El origen del proyecto, extrañamente concluido ahora, comienza hace más de treinta años, a principios de 1987, cuando publicamos en La Luna de Madrid un número especial de fotografía que reflejaba -o hacía una apuesta- de nombres y rostros que nos parecían relevantes o interesantes en aquel momento. Como habíamos escrito unos años antes, en 1983, en el editorial del nº 1 de la propia Luna de Madrid, nunca una generación en España había tenido que quemar tantas etapas de golpe, pasando de ser progres, hippies y contraculturales a ser punkis, mods y modernos, pues en diez años hubo que hacer mil transiciones, otros tantos malabarismos mentales y cambiarse el disfraz de lo que uno era, -no sólo el del día por el de la noche-, hasta llegar a un momento el que, supongo, ni nosotros sabíamos muy bien quiénes éramos. Tal vez ahora tampoco lo sepamos. Y en eso consiste un poco la vida, en no saber quién somos y en ir descubriendo paso a paso el enigma de «un futuro que ya está aquí», pero que no acertamos a descifrar.
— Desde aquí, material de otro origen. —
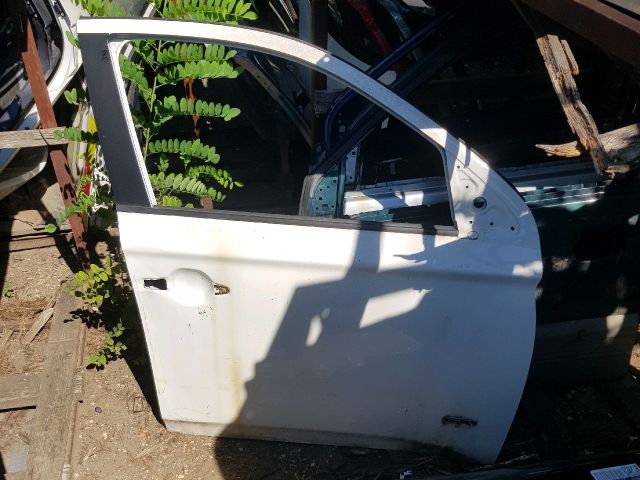 bontott MITSUBISHI OUTLANDER Jobb első Ajtó (Üres lemez)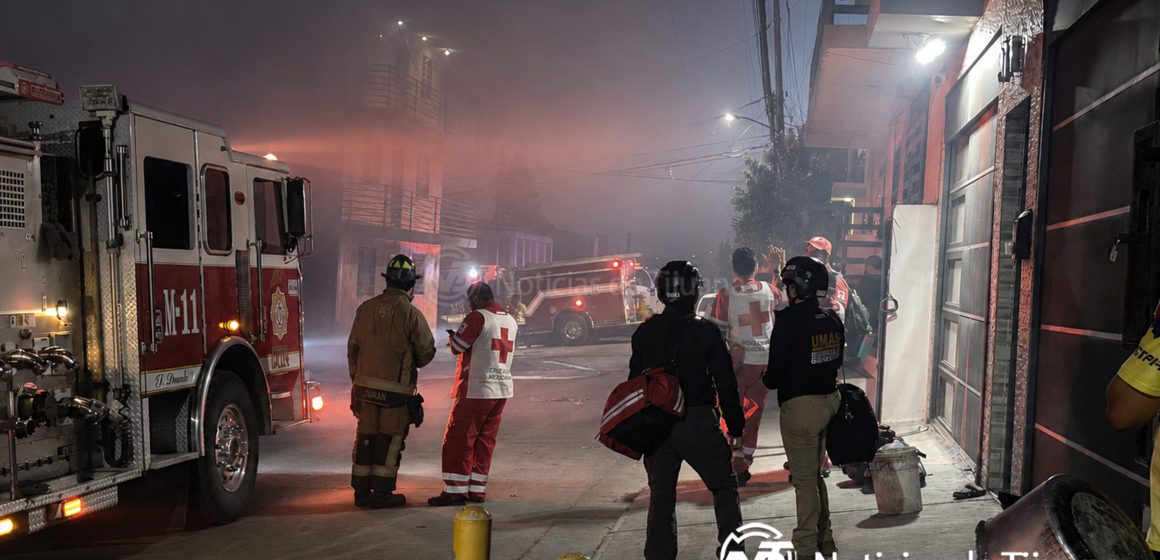 Incendio reduce vivienda a cenizas en la colonia Altiplano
Por el camino nos dejamos más que muchas plumas, porque nuestro propio cuerpo, al igual que el cuerpo de la ciudad, con sus calles, era «el cuerpo del amor» donde experimentábamos cada día una nueva forma de vivir y sentir. Muchas de las reivindicaciones de otras formas de vida, y de otros consumos alternativos, los pusimos nosotros por primera vez sobre la mesa en aquella España rancia, postfranquista y pacata que nos había caído en suerte. Recuerdo cómo nos reímos cuando supimos que allá por el 1983 el obispo de París, luego de ver un reportaje sobre una de nuestras alucinantes fiestas-concierto, declaró: “Si esta es la nueva España, pobre España”. Sí, entre todos, conseguimos darle la vuelta a todo aquello. Y pasarlo muy bien. Por eso escribí, en su momento, que «si viviste los ochenta y te acuerdas, es que no los viviste», una frase que resume mucho el espíritu de aquel tiempo callejero, porque el epicentro de nuestra revista era la calle y la ciudad recuperada, como espacio y órgano de creación, eso sí, con un fondo musical y nocturno
La Luna de Madrid fue un estado de ánimo colectivo, una revista-foro, coral, una combinación-túrmix de corte de los milagros que teníamos que hacer cada mes para sacar la revista a la calle, agitando, provocando, generando propuestas y recogiendo otras; un espacio común donde las diversas tribus urbanas y culturales podían visitarse hasta formar, como resultante, un largo y desenfadado etcétera de profesiones, personas, ocupaciones y ocios mezclados en la comunal algarabía de sus enormes páginas. Una de las habilidades de nuestra revista fue la de mezclar lo serio con lo frívolo, lo cultista con lo vulgar y lo repentino, lo clasificado con lo inclasificable, y en el camino hacia la astracanada, acertar: pues una gran parte de los colaboradores allí presentados son los que hoy, con las alzas y las bajas propias de una época difícil y arriesgada, siguen dando juego en nuestro panorama cultural.